The measure that cleared the Environmental Resources and Energy Committee by a 15-10 vote after contentious debate would limit deductions tied to post-production costs associated with Marcellus drilling from royalty payments to landowners who lease property for drilling. It now goes to the House floor.
The bill would buttress a 1979 state law that guarantees leaseholders receive at least 12.5 percent of the value of the gas extracted. A key provision would calculate royalties at the point where the gas enters the commercial market or an interstate transmission system rather than at the wellhead. “We are trying to make sure our landowners get paid the 12.5 percent royalty that has existed since 1979,” said Rep. Garth Everett, R-84, Muncy, the bill’s sponsor. Panel members Reps. Mike Carroll, D-118, Avoca, and Frank Farina, D-115, Jessup, voted for the bill. In a show of support for the bill, Reps. Sandra Major, R-111, Montrose, Matt Baker, R-68, Wellsboro, Tina Pickett, R-110, Towanda and Karen Boback, R-117, Harveys Lake attended the committee meeting.

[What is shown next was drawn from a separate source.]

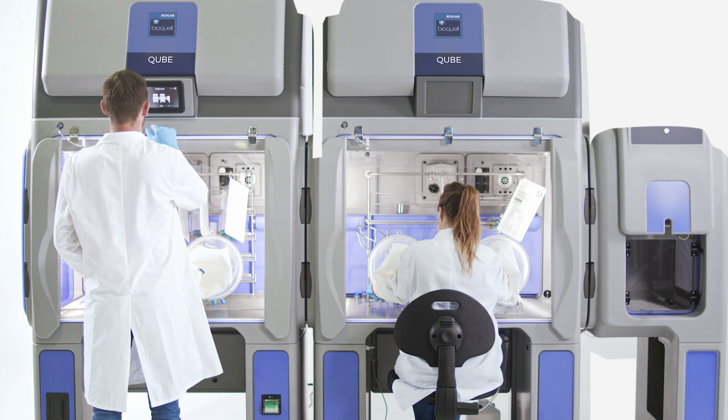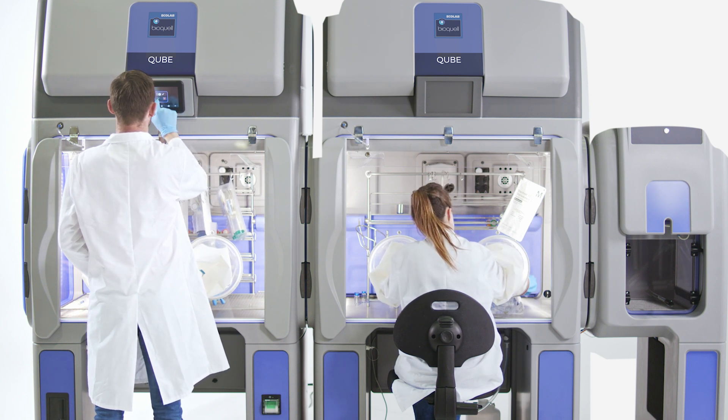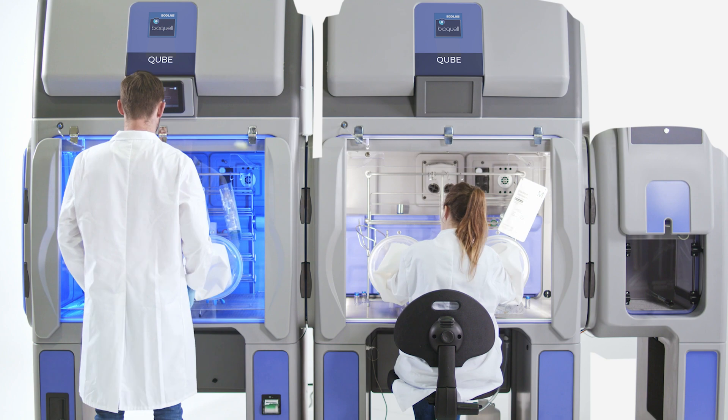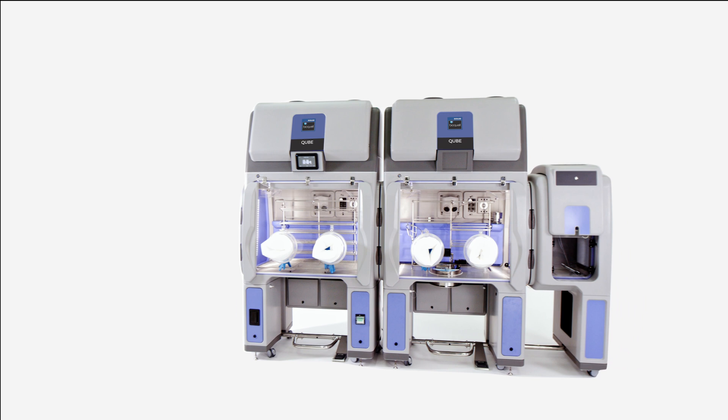Globally accepted, with hundreds of chambers currently installed and in use with world leaders in biopharmaceutical, laboratory research and biotechnology, the BioQuell Cube delivers unparalleled efficiency.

The bill would apply to gas production on existing and future leases, but it doesn’t address the issue of landowners seeking retroactive repayment of royalties through legal action.

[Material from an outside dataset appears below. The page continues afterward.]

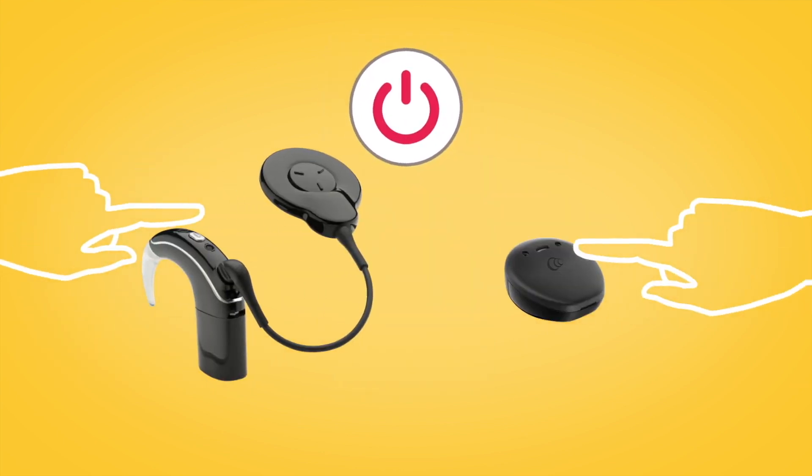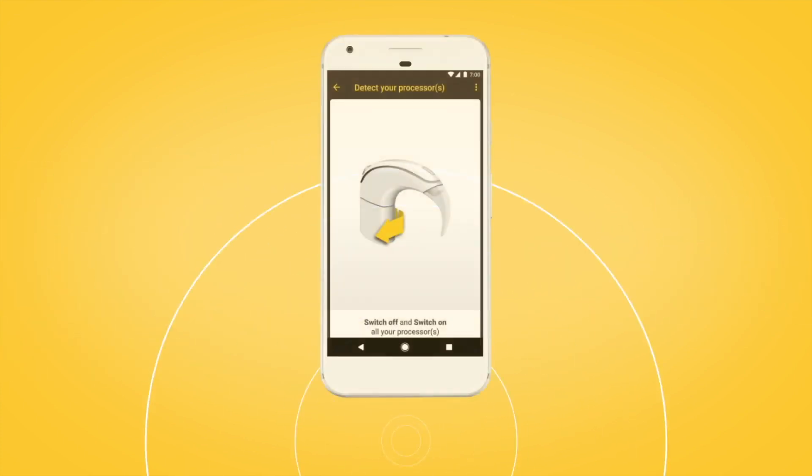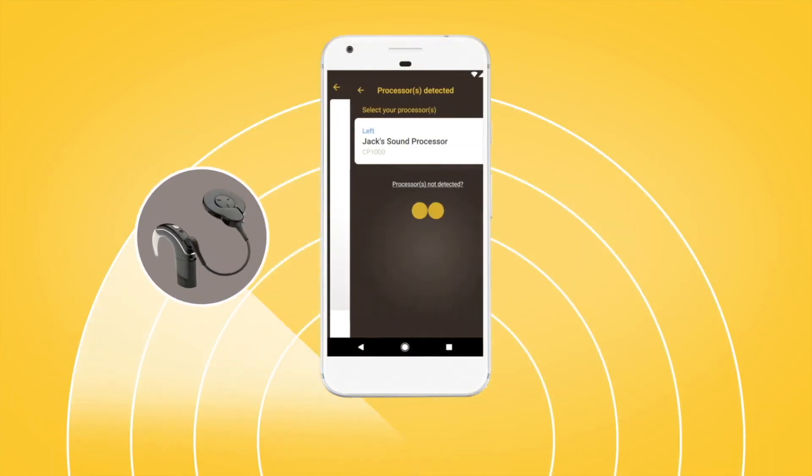Next, turn your sound processor off and back on again. Your Android device will then search for your sound processor and display it on your screen.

The affected landowners asked for legislation that would apply to future royalties, said Mr. Everett.Opposition to the bill came mainly from Republican lawmakers representing western Pennsylvania. Some voiced concerns about its impact on shallow gas and oil leases as new drilling technology is introduced while others said that legislation interfering with contracts is unconstitutional.